Records for the exercise -
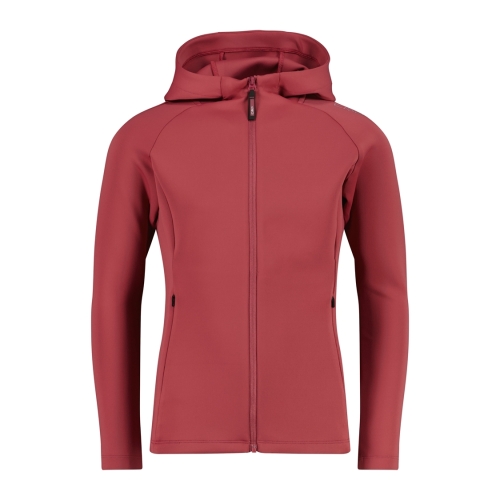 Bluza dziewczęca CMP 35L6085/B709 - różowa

...

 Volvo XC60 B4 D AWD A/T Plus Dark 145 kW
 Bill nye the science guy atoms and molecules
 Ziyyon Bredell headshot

Exercise aim - From the records above, repeat exactly the lines from the one with "Volvo XC60 B4 D AWD A/T Plus Dark 145 kW" through the one with "Ziyyon Bredell headshot", both included.

Output of the exercise -
 Volvo XC60 B4 D AWD A/T Plus Dark 145 kW
 Bill nye the science guy atoms and molecules
 Ziyyon Bredell headshot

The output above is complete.